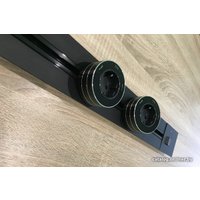 Трековая розетка AVEL шинопровод 40 см + 2 ЕВРО розетки (черный)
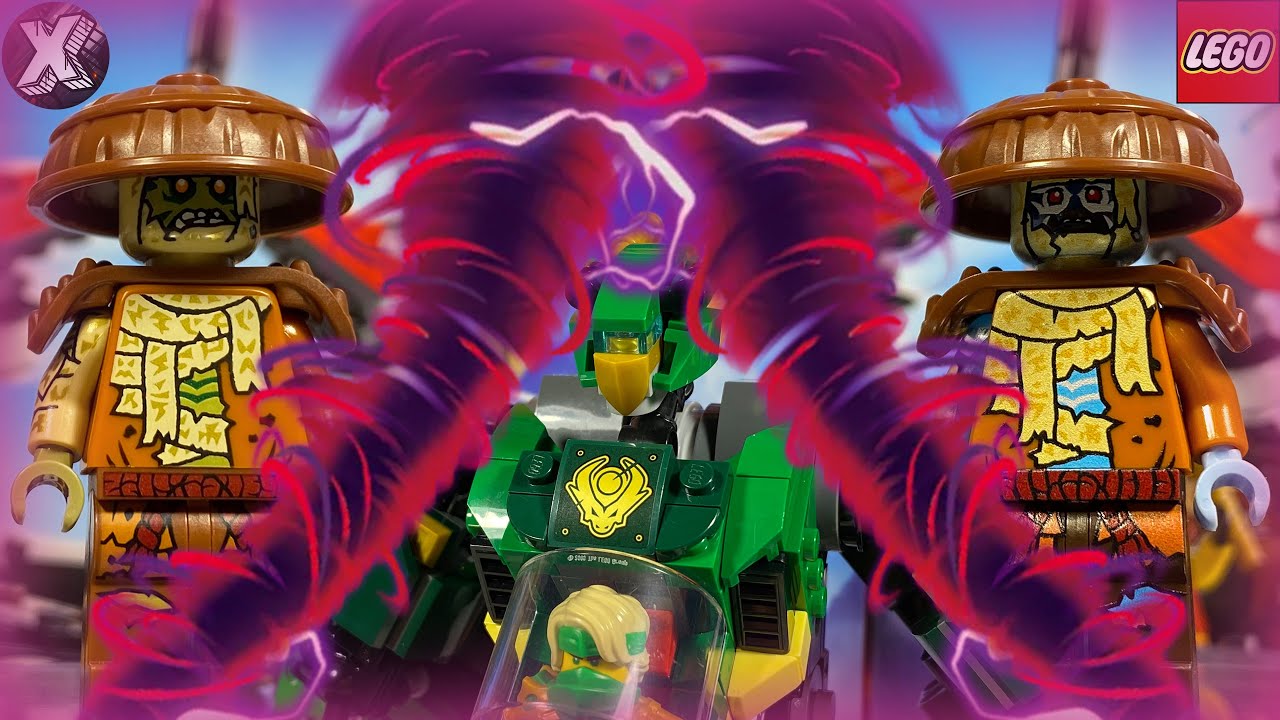 [4K] 71845 Реактивный робот Ллойда | ЛЕГО Ниндзяго 19 (3-й) сезон - ОБЗОР + ОБЪЕДИНЕНИЕ С 71832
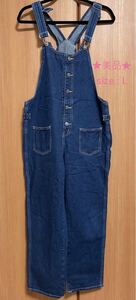 【オーバーオール】mili・mili(ミリミリ) デニムサロペットツナギ (品番 YA216234) size:L IDG★美品★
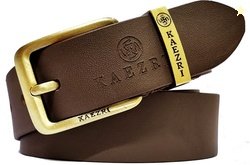KAEZRI Men Evening, Party, Formal, Casual Brown Genuine Leather Belt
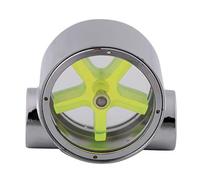 Indicatore di Flusso d'acqua G1/4",Indicatore di Flusso di Raffreddamento con Filettatura Femmina a Femmina, per PC di Raffreddamento ad Acqua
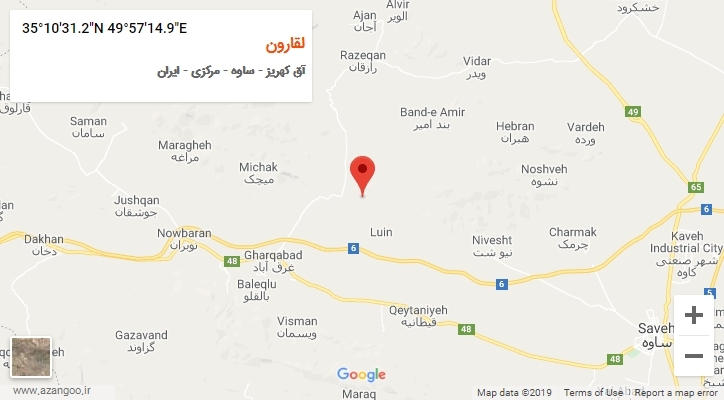 روستای لقارون بر روی نقشه
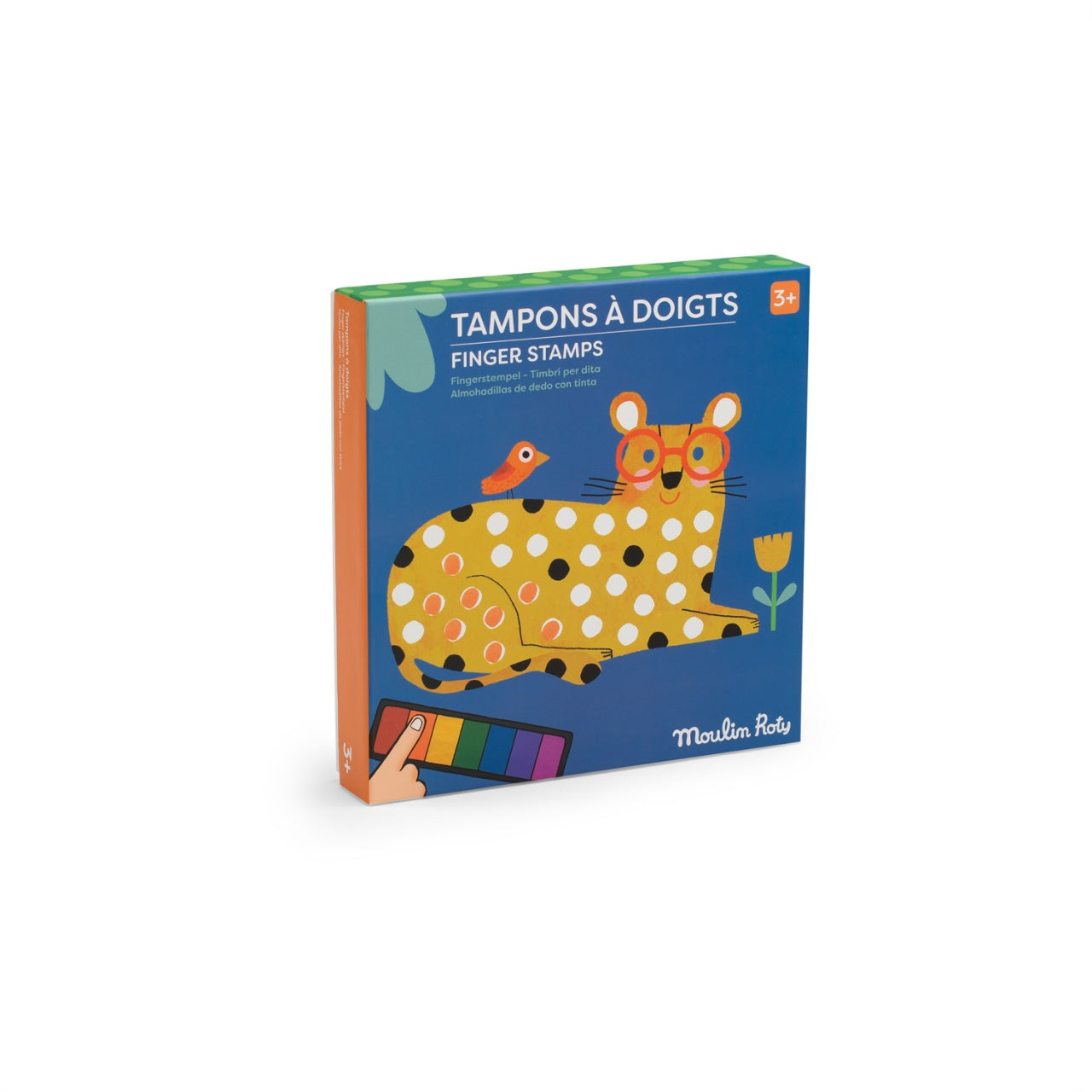 Joc creativ Stampile cu degetele, Moulin Roty - Imagine 1 [ps:b0dcec95-57c5-4cb3-a161-e018ac90a0e7]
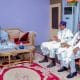 Buhari Visits Dahiru Mangal Over Wife's Death (Photo)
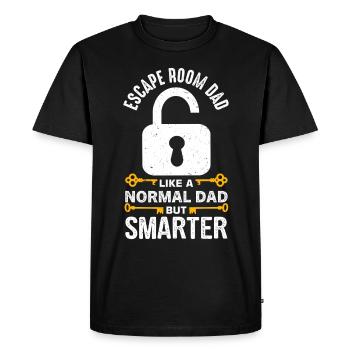 Witziger Escape Room Spruch - Männer Premium Bio T-Shirt - Schwarz - Vorne - Nico (187cm)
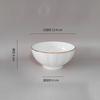 Vajilla Casual de Porcelana Fina en Relieve Plato Borde Dorado Blanco Puro Juego para el Hogar Tazones y Platos Combinación de Piezas de Cerámica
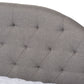 Eliza Daybed - Modern and Contemporary Grey Fabric Upholstered with Trundle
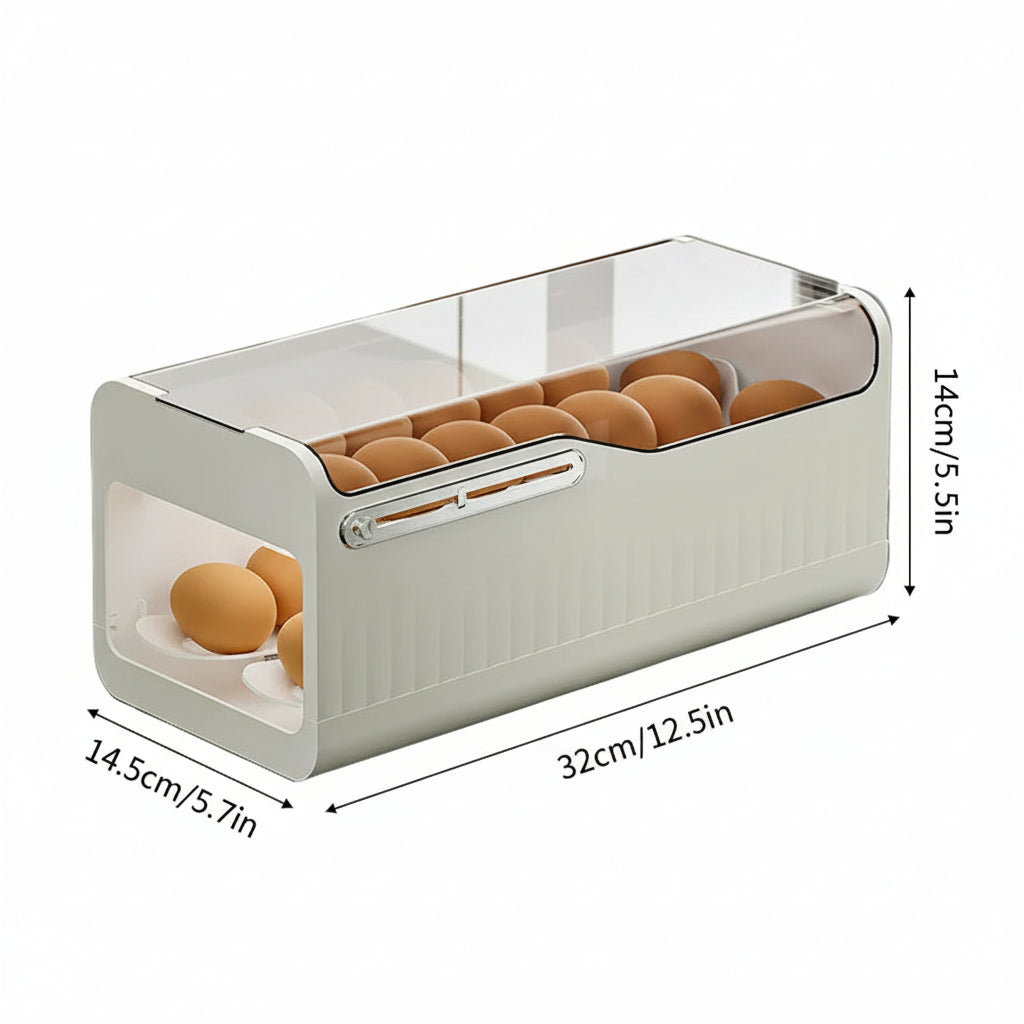 2-Layer Automatic Rolling Egg Dispenser with Time Scale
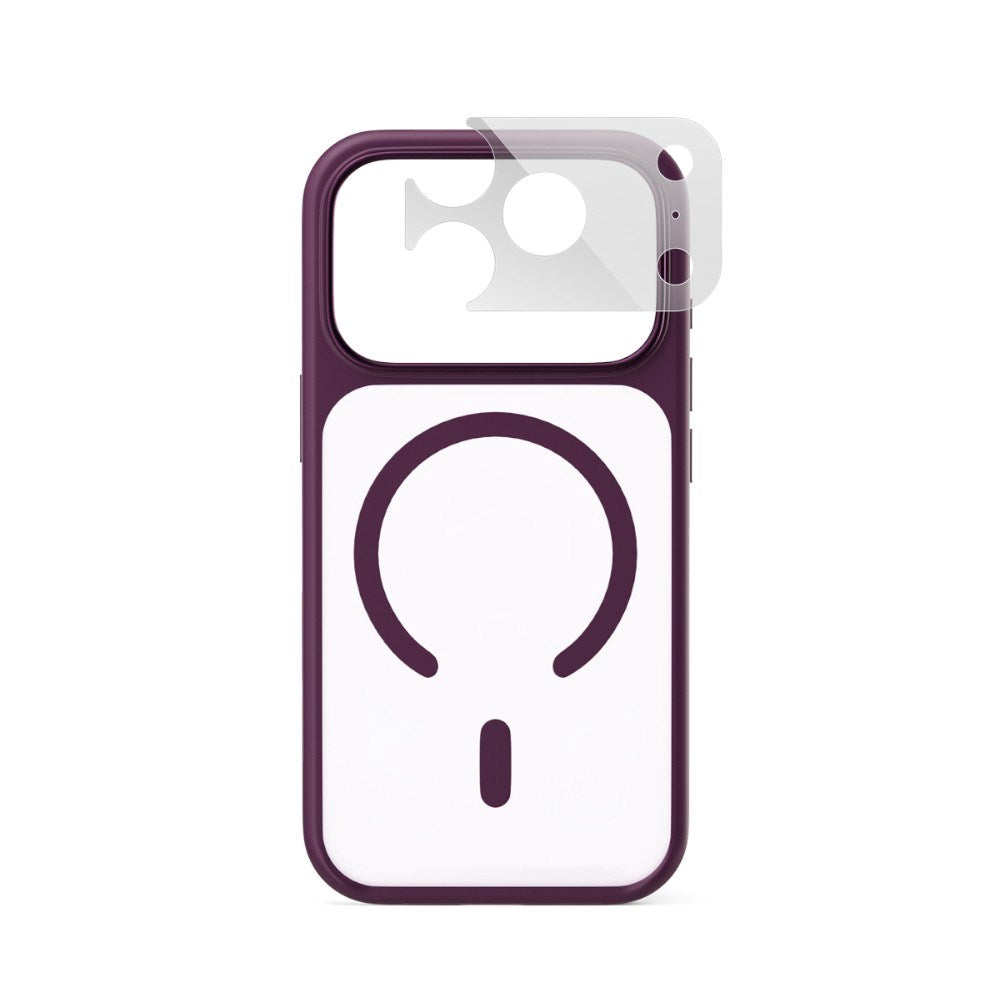 iPhone 18 Pro Max / 17 Pro Max Epico HeroMatte Pro Mag+ Case with Camera Protection - MagSafe Compatible - Purple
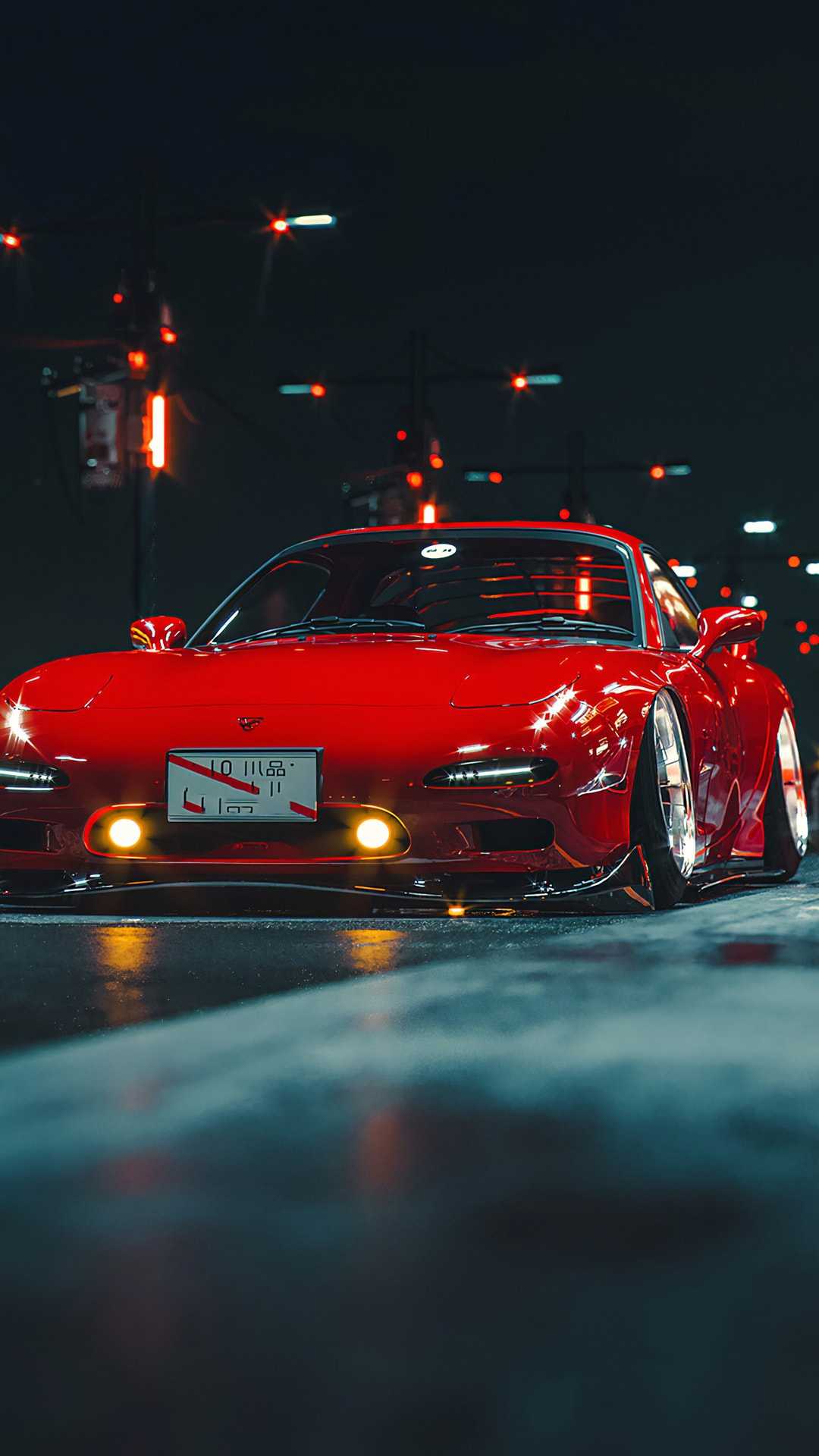 1080x1920  Скачать обои Mazda Rx7 Fc Classic Code, вид сзади | Обои.com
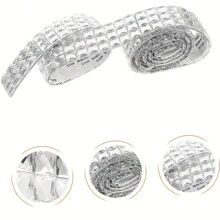 1 rollo de pegatinas de azulejos de fibra de vidrio autoadhesivos 3D - Estilo contemporáneo, calcomanías de mosaico de rhinestone para decoración de paredes DIY, decoración del hogar, pegatinas, calcomanías de pared, calcomanías de vinilo para decoraciones del hogar, artículos de decoración de primavera para refrescar tu hogar, pegatinas de decoración de ramas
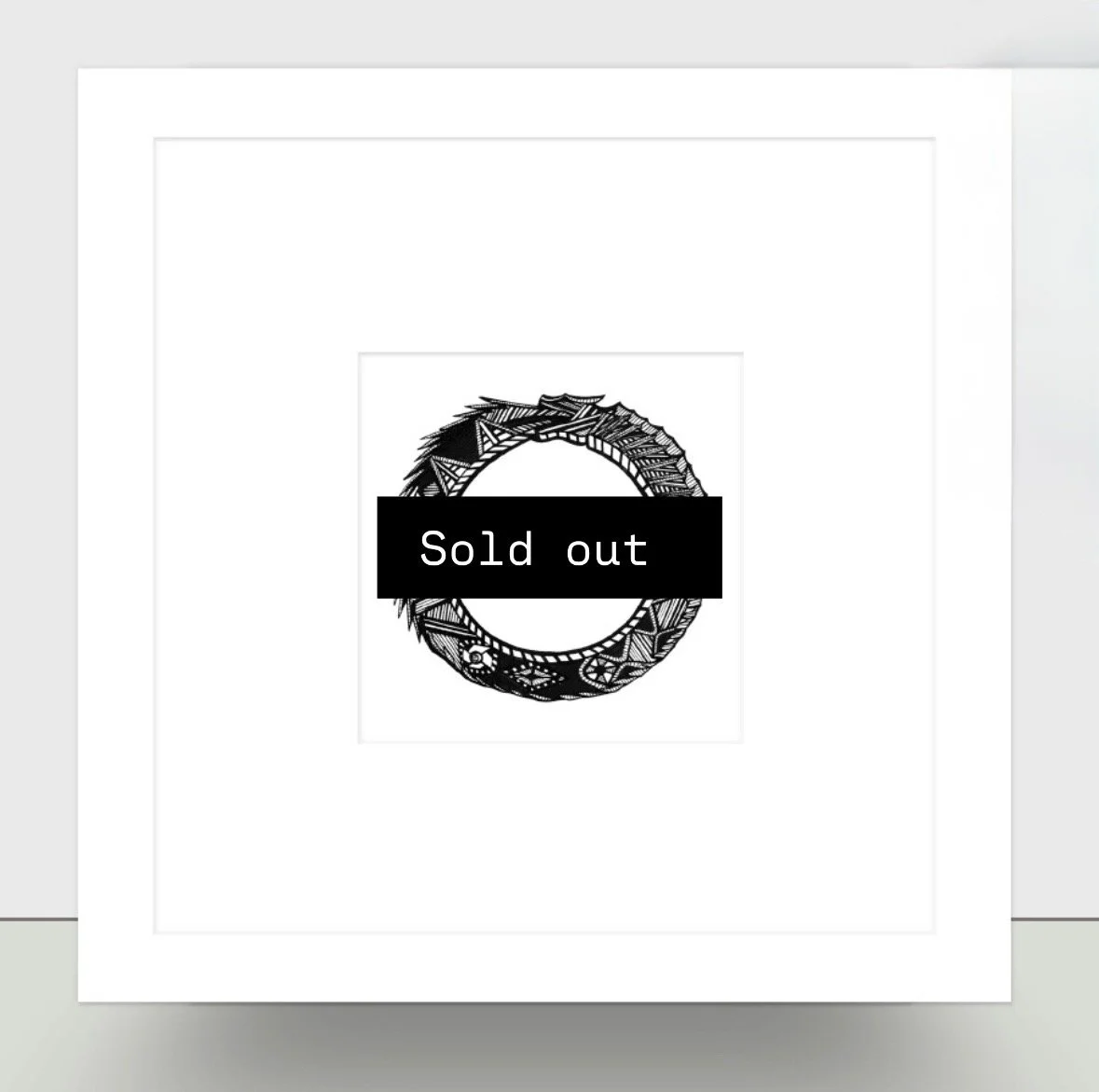 (Ouroboros) Framed Hand Embellished Art Print ~ 055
◇ ◇ ◇ ◇ ◇
**ASSIGNMENT**
Make an exact copy of the lines above, starting at the line that contains "[4K] 71845 Реактивный" and running through the final line of the entries. Omit the pictures.

**EXERCISE OUTPUT**
 [4K] 71845 Реактивный робот Ллойда | ЛЕГО Ниндзяго 19 (3-й) сезон - ОБЗОР + ОБЪЕДИНЕНИЕ С 71832
 【オーバーオール】mili・mili(ミリミリ) デニムサロペットツナギ (品番 YA216234) size:L IDG★美品★
KAEZRI Men Evening, Party, Formal, Casual Brown Genuine Leather Belt
 Indicatore di Flusso d'acqua G1/4",Indicatore di Flusso di Raffreddamento con Filettatura Femmina a Femmina, per PC di Raffreddamento ad Acqua
 روستای لقارون بر روی نقشه
 Joc creativ Stampile cu degetele, Moulin Roty - Imagine 1 [ps:b0dcec95-57c5-4cb3-a161-e018ac90a0e7]
 Buhari Visits Dahiru Mangal Over Wife's Death (Photo)
 Witziger Escape Room Spruch - Männer Premium Bio T-Shirt - Schwarz - Vorne - Nico (187cm)
 Vajilla Casual de Porcelana Fina en Relieve Plato Borde Dorado Blanco Puro Juego para el Hogar Tazones y Platos Combinación de Piezas de Cerámica
 Eliza Daybed - Modern and Contemporary Grey Fabric Upholstered with Trundle
 2-Layer Automatic Rolling Egg Dispenser with Time Scale
 iPhone 18 Pro Max / 17 Pro Max Epico HeroMatte Pro Mag+ Case with Camera Protection - MagSafe Compatible - Purple
 1080x1920  Скачать обои Mazda Rx7 Fc Classic Code, вид сзади | Обои.com
 1 rollo de pegatinas de azulejos de fibra de vidrio autoadhesivos 3D - Estilo contemporáneo, calcomanías de mosaico de rhinestone para decoración de paredes DIY, decoración del hogar, pegatinas, calcomanías de pared, calcomanías de vinilo para decoraciones del hogar, artículos de decoración de primavera para refrescar tu hogar, pegatinas de decoración de ramas
 (Ouroboros) Framed Hand Embellished Art Print ~ 055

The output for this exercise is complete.